Beş sahih hadis kitabının rivayet edip, İbn Hibban'ın da doğruladığına göre, Arabî'nin (çölde yaşayan bedevî) birisi Peygamber (Sallallâhu Aleyhi ve Sellem)'e Ay'ı gördüğünü haber verir. Bunun üzerine Hazreti Peygamber oruç tutulmasını emretmiş ve adamdan şehadeteyn (Eşhedü en lâ ilâhe illallâh ve eşhedü enne Muhammeden Rasûlullâh) kelimesiyle ikrar edip etmediğinden başka hiçbir şey sormamıştır. İbn Teymîyyé'nin bu bâtıl görüşüne göre, Peygamber (Sallallâhu Aleyhi ve Sellem), bütün halkı rubûbiyyet tevhidini bildikleri için, onları bilmedikleri ulûhiyyet tevhidine davet etmesi ve Muaz b. Cebel'e, halkı ulûhiyyet tevhidine davet etmesini söylemesi gerekirdi! Ve Ramazan ayının hilâlini gören Arabî'ye de, "Ulûhiyyet tevhidini biliyor musun?" diye sorması lâzımdı!

Yedincisi: Allah Teâlâ, aziz kitabında mutlak kelime-i tevhidi emretmiştir. Nitekim Allah, Teâlâ, Peygamberine (Sallallâhu Aleyhi ve Sellem) hitaben, "Öyleyse bil ki Allah'dan başka mâbud yoktur." (Muhammed sûresi, âyet: 19) diye buyurmuştur.

Kur'ân-ı Kerim'deki tevhid hakkında varid olan bütün âyetlerde ve okunması sevap bakımından Kur'ân'ın üçte birisine eşit tutulan İhlâs sûresinin de durumları böyledir. Allah Teâlâ: "Ona (Kur'ân'a) ne geçmişte ne de gelecekte bâtil (boş şeyler) yol bulamaz..." (Fussilet, 42) diye vasıflandırdığı aziz kitabında kullarına ulûhiyyet tevhidini emretmemiş ve onlara, ulûhiyyet tevhidini bilmeyen kimsenin, rubûbiyyet tevhidini bilmesine önem verilmez diye buyurmamıştır.
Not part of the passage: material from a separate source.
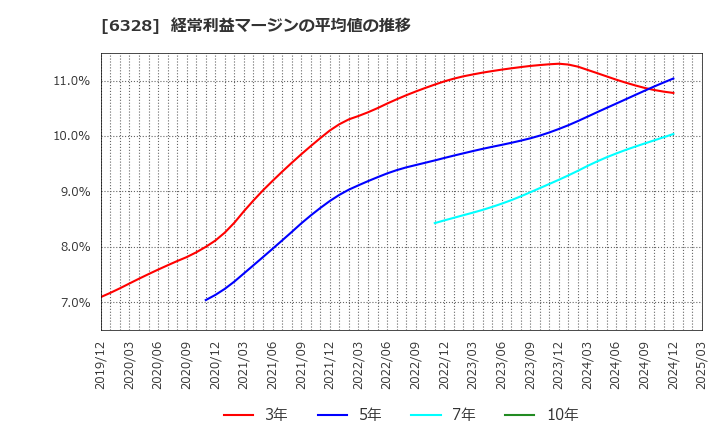 6328 荏原実業(株): 経常利益マージンの平均値の推移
Sekizincisi: İlâh, Rab mânâsına, Rab da İlâh mânâsınadır. Mânâ itibarıyla ikisi birbirlerinden ayrılmazlar. Her biri diğerinin yerine kullanılır. Bu şekilde kullanılmaları, Allah'ın kitabında (Kur'ân'da) pek çoktur. Keza Peygamber (Sallallâhu Aleyhi ve Sellem)'in hadîslerinde de durum böyledir. Allah Teâlâ şöyle buyurur:

"Ey insanlar! Sizi ve sizden öncekileri yaratan Rabbinize kulluk ediniz..." (Bakara sûresi, âyet: 21)

Halbuki İbn Teymiyye'nin bâtıl inancına göre, insanlar rubûbiyyet tevhidini bilip ulûhiyyet tevhidini bilmedikleri için, Allah Teâlâ bu âyet-i celîlede, "İlâhınıza kulluk ediniz!" buyurması lâzımdı. Allah Teâlâ, "Allah, kendisine hükümranlık verdiği için İbrahim ile Rabbi hakkında tartışan kimseyi (Nemrud'u) görmedin mi?" (Bakara sûresi, âyet: 258) meâlen buyurmuştur.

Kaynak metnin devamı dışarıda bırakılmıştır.